- City: Pittsburgh, Pennsylvania
- League: International Hockey League
- Division: West Division
- Operated: 1935–1936
- Home arena: Duquesne Garden
- Colors: Green, white
- Owners: Ray Babcock James McKay Phil Jacks
- General manager: Ray Babcock Larry Welch
- Head coach: Sprague Cleghorn Albert Hughes
- Captain: Albert Hughes
- Media: Pittsburgh Post-Gazette Pittsburgh Press

Franchise history
- 1935–1936: Pittsburgh Shamrocks
- September 8 – October 9, 1935: Pittsburgh Professional Hockey Club, Inc.

= Pittsburgh Shamrocks =

The Pittsburgh Shamrocks were a professional ice hockey team based in Pittsburgh that played in the International Hockey League in 1935–36. The team played all of its home games at Duquesne Garden. During their lone season in existence, the Shamrocks finished in fourth place in the West Division behind the Detroit Olympics, Cleveland Falcons, and Windsor Bulldogs. The Shamrocks scored 137 goals and allowed 170. The team folded after one season. It is estimated that the team lost $36,000 during 1935–36 season.

==History==

===Origins===
On September 8, 1935, Larry Welch, a longtime hockey promoter at Duquesne Garden, announced that Pittsburgh had secured a team in the International Hockey League, pending league approval. The club operated under the Pittsburgh Professional Hockey Club, Inc. with papers of incorporation being immediately applied for The team had then signed a two-year lease at the Garden and a plan was established that split the Garden's ice time between the new IHL team and the Pittsburgh Yellow Jackets, Pittsburgh's club in the Eastern Amateur Hockey League.

The team was coached by Sprague Cleghorn, who won two Stanley Cups with the Ottawa Senators in 1920 and 1921 and another with the Montreal Canadiens in 1924. However, he was also regarded as one of the dirtiest players in the National Hockey League, since he led the league in penalty minutes for nine of its first ten years. Prior to the formation of the Shamrocks, the Cleghorn family was already known to Pittsburgh's hockey fans. Sprague's brother, Odie, was the head coach of the Pittsburgh Pirates when they became the city's first NHL team for the 1924-25 season.

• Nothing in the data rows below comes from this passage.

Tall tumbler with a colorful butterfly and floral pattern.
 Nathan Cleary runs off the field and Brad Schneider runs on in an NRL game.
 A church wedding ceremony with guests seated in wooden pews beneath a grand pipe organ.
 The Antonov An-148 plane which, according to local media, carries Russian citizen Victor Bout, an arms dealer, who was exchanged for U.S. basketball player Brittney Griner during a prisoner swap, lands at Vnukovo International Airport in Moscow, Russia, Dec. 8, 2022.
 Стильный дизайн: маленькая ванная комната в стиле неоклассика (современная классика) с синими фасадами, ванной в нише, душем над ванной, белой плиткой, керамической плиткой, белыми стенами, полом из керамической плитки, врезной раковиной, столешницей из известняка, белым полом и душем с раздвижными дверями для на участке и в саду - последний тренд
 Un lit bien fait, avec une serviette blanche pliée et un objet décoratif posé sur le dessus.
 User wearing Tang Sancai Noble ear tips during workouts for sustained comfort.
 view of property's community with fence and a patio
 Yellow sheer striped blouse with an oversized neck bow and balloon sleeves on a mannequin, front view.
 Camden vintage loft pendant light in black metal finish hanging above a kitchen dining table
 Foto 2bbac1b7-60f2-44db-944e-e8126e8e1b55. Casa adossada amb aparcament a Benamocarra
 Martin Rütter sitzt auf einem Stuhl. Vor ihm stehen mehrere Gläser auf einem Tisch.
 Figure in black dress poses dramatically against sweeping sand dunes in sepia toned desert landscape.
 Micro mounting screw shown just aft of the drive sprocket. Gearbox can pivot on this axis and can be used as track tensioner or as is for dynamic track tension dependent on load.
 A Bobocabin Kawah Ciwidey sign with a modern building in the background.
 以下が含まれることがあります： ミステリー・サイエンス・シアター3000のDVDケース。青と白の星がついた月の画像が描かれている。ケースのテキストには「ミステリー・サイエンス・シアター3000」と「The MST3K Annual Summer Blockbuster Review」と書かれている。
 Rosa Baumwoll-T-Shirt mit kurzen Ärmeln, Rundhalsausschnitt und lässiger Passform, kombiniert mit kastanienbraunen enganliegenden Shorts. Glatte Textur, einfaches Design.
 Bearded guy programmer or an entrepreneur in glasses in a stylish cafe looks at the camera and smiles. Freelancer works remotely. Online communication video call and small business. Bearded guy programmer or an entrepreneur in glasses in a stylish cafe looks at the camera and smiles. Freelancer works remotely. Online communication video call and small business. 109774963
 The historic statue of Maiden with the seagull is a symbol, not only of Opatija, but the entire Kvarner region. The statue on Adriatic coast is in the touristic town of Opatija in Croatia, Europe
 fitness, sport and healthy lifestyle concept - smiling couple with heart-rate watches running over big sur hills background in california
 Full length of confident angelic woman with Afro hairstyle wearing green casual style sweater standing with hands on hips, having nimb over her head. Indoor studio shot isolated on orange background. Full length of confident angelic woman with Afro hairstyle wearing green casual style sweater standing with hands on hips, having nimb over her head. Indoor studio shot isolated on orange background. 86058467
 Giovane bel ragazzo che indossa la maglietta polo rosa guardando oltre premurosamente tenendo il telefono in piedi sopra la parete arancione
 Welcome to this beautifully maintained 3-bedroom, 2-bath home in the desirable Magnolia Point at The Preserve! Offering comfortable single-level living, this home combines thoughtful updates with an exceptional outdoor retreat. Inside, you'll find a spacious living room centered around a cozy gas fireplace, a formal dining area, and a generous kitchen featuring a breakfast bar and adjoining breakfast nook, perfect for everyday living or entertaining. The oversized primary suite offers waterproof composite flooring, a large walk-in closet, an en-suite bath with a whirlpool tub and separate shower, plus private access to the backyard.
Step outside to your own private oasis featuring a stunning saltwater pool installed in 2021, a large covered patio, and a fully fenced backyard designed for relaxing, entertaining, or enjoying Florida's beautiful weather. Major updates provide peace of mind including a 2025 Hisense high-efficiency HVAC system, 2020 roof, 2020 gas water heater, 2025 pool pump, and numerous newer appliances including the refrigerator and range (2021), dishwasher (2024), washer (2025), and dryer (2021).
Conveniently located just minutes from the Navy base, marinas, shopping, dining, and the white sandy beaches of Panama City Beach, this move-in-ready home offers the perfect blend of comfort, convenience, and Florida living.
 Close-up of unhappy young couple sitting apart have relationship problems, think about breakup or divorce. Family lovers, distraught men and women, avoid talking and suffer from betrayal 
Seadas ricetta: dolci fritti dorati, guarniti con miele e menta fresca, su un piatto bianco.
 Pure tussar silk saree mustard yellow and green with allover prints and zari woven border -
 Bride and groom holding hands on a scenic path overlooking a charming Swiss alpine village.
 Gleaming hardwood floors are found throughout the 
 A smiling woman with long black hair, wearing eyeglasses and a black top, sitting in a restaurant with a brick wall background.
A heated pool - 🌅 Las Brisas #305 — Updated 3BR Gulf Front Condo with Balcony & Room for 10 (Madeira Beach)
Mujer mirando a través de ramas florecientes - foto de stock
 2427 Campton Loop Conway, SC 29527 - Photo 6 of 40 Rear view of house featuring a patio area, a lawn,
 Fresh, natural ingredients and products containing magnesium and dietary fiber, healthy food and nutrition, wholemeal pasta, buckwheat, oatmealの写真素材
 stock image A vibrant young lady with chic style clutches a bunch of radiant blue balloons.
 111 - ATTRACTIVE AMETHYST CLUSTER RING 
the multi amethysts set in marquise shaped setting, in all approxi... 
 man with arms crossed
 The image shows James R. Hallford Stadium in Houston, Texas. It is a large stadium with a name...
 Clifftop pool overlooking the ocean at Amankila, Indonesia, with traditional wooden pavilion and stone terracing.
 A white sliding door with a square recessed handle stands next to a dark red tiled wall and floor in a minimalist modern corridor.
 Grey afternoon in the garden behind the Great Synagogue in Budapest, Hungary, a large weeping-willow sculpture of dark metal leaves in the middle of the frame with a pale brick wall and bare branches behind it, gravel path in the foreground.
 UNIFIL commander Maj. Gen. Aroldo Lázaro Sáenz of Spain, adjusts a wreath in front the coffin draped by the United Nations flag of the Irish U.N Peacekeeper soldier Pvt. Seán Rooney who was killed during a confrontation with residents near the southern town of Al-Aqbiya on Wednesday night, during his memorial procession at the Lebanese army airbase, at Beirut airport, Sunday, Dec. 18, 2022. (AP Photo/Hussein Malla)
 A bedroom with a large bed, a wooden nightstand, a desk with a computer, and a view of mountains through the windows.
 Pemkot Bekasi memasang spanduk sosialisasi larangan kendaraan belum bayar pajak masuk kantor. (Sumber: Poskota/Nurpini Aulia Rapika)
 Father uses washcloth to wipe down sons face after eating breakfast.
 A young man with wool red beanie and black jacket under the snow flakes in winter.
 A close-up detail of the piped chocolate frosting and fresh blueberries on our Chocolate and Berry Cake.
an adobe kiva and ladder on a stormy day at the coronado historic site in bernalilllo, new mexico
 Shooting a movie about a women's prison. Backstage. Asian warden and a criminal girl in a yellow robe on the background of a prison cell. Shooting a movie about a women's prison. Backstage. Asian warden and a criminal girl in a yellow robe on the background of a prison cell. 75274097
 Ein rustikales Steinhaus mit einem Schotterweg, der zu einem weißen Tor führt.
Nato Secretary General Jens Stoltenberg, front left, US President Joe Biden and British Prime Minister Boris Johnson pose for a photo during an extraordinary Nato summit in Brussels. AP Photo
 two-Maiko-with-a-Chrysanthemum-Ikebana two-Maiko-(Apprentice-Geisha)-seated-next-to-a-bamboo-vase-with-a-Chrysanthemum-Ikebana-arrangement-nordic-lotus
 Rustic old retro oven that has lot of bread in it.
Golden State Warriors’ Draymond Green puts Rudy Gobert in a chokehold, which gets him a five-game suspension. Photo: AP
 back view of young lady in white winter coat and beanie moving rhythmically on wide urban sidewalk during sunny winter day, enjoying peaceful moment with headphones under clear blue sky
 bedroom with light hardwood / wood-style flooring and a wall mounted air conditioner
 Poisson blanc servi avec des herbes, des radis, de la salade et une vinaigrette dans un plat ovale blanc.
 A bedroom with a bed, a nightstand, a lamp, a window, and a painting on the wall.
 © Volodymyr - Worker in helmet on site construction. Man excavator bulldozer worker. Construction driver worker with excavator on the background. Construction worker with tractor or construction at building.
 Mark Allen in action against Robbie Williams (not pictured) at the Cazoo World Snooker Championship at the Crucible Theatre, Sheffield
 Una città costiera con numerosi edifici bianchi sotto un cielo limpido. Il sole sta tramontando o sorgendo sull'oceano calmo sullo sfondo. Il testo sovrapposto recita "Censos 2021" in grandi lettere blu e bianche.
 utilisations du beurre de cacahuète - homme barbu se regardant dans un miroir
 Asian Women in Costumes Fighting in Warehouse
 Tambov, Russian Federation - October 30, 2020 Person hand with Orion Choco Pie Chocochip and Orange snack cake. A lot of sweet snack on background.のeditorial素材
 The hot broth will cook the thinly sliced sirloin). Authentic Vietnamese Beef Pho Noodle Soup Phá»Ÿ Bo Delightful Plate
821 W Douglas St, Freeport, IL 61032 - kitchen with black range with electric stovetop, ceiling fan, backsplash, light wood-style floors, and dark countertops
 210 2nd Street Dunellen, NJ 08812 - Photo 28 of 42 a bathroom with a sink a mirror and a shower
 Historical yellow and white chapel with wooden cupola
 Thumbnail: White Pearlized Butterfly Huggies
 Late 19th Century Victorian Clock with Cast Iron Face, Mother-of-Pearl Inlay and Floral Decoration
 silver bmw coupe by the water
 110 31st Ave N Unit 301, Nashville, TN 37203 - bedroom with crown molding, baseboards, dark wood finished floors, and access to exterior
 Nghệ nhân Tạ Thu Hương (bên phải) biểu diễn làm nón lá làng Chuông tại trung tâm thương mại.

On October 9, 1935, the team was approved to play in the IHL. Meanwhile, a report in The Pittsburgh Press was the first to reference the team as the “Pittsburgh Shamrocks.”

===Pre-season===
Welch then announced that the Shamrocks would leave for Niagara Falls, Ontario, and conduct a training camp on October 21, 1935. The Shamrocks choose to train there since the ice surface at Duquesne Garden would not be ready for use until early November. In forming their team, Pittsburgh first laid claim to any spare players from the Montreal Canadiens. The team then negotiated a deal with the Philadelphia Arrows of the Canadian-American Hockey League which landed the Shamrocks; forwards Stan McCabe, Bill Hudson, Eddie Owens and defenseman Art Lilly. It was believed that Ted Saunders, who played in the NHL with the Ottawa Senators, before playing in the Canadian-American league, would be coming to Pittsburgh. However he spent the 1935–36 with the Springfield Indians.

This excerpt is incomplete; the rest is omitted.